1980`lı yıllara gelindiğinde hemen hemen bütün toplumsal konular Türkiye`deki gelişmelere endekslenmiş durumdaydı. Zaten başlangıçta plan ve proğramsız başlayan Göç‘ün ortaya çıkardığı sosyo-kültürel sıkıntılarından bunalan „Gurbetçilerimiz“ kendi meselelerinden kaçtığı; hatta Türkiye`den kurtarıcı bekleme hayali içinde olduğu gözleniyordu. Ve 1980`li yılların ortalarına gelindiğinde, Avrupa`da kalıcı oluşumuz, bu kalıcı oluşun ortaya çıkardığı meseleler ve bu meselelerin çözümü için yapılması gereken çalışmaların istenilen sonuçları vermesi için ise teşkilatlanmak bir zaruret idi ve bu gerçek her kesimde kendini hissettirmeye başlamıştı artık.

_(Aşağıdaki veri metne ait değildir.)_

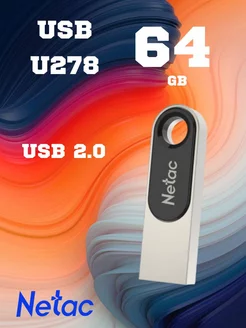 Флешка 64 Гб U278 USB 2.0 NETAC 208981893 купить за 602 ₽ в интернет-магазине Wildberries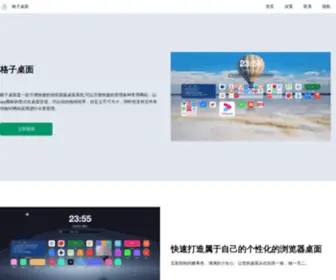 Gezizm.com(浏览器) Screenshot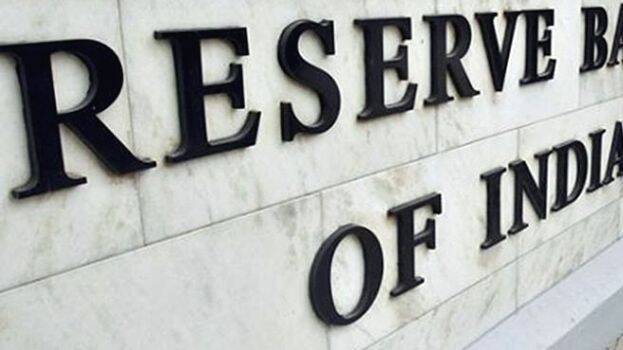 rbi rbi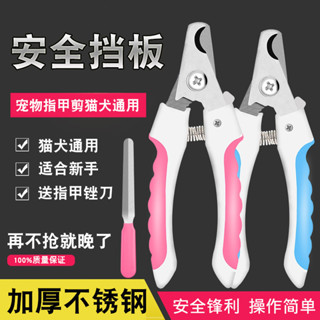 寵物指甲剪狗狗指甲剪狗指甲鉗寵物剪指甲刀大小型犬泰迪金毛貓咪指甲剪用品 78WL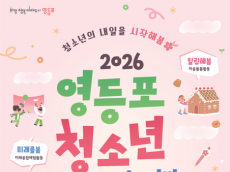 “청소년이 주인공”…영등포구, 28일 ‘영스티벌’ 개최로 소통의 장 연다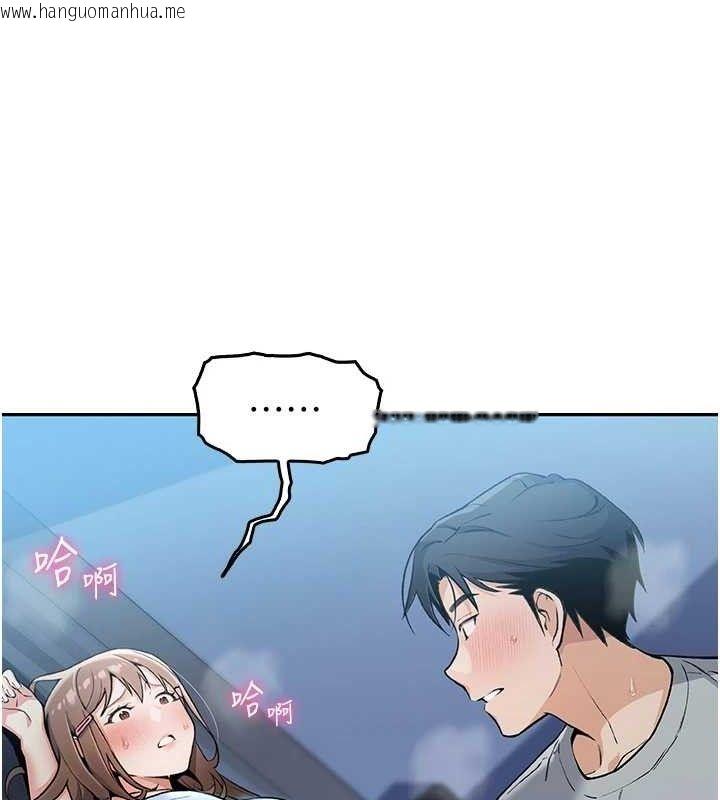 韩国漫画我的掌上明珠韩漫_我的掌上明珠-第5话-大叔成瘾的女大生在线免费阅读-韩国漫画-第162张图片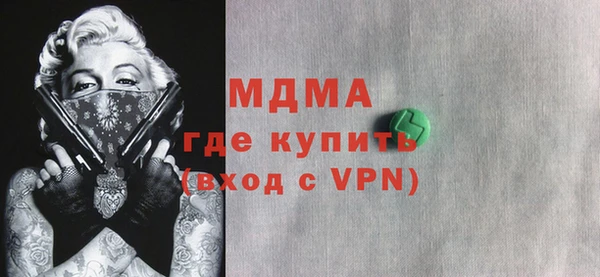 кристаллы Нефтекумск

Bilhassa 1980 Askeri İhtilali dönemiyle birlikte yaşanan olaylar birçok konuda olduğu gibi yurtdışındaki Türk vatandaşlarının da Türkiye açısından önemini ortaya çıkarmıştı. Bu sebeple, işçi göçünün başladığından beri yurtdışındaki vatandaşını hatırlamayan resmi çevreler, bu defa Türkiye endeksli yapılanmaları tek elde toplama gayretlerine girdiler. Ne var ki birleştirme yerine Avrupa Türk`üne yönelik ayırımcı ve bölücü bir tutum sergilendi. Avrupa şartları ve bizim meselelerimiz dikkate alınmadan tepeden inmeci, dayatmacı yaklaşımlara hareket edilince, meseleler dahada katmerlendi. Böyle bir durumda yapılacak şey kendi şartlarımıza uygun, yeni bir yapılanmaya gitmekti…
Demokratik bir ülkede mücadelenin sağlıklı yolu, sivil kitle örgütlenmesi ile güçlü bir toplum oluşturmak ve bu güçlü toplum ile güçler dengesi içinde yer alarak, haklarına sahip çıkmaktır. Bu sebeple, yeni yapılanmanın istişareye dayalı, kamuoyuna açık, kendi değerlerini sahiplenirken, farklılıklara saygılı ve uzlaşmacı bir anlayışla gerçekleştirilmesi gerekliydi. 1987 yılının sonuna doğru gelindiğinde, Avrupa Türk İslam Birliği `ni kuracak olan gönül adamları açısından ortam ve şartlar hazır görünüyordu…
Avrupa Türk İslam Kültür Dernekleri Birliği (ATİB) 17 Ekim 1987 tarihinde, Federal Almanya`nın Nieder-Olm/Mainz şehrinde bu ortam ve şartlarda ortaya çıktı. Uzun istişareler ve çalışmalar neticesinde, Göç ün ilk yıllarından itibaren Avrupa`da yaşayan ve kendini Avrupa Türklerine hizmete adamış teşkilatçı insanların ve derneklerin ortak kararıyla; partiler üstü, Avrupa`daki insanımızın gerçeklerine ve taşıdığı değerlere dayalı sivil bir teşkilat olarak, tamamen yola çıkılmıştı.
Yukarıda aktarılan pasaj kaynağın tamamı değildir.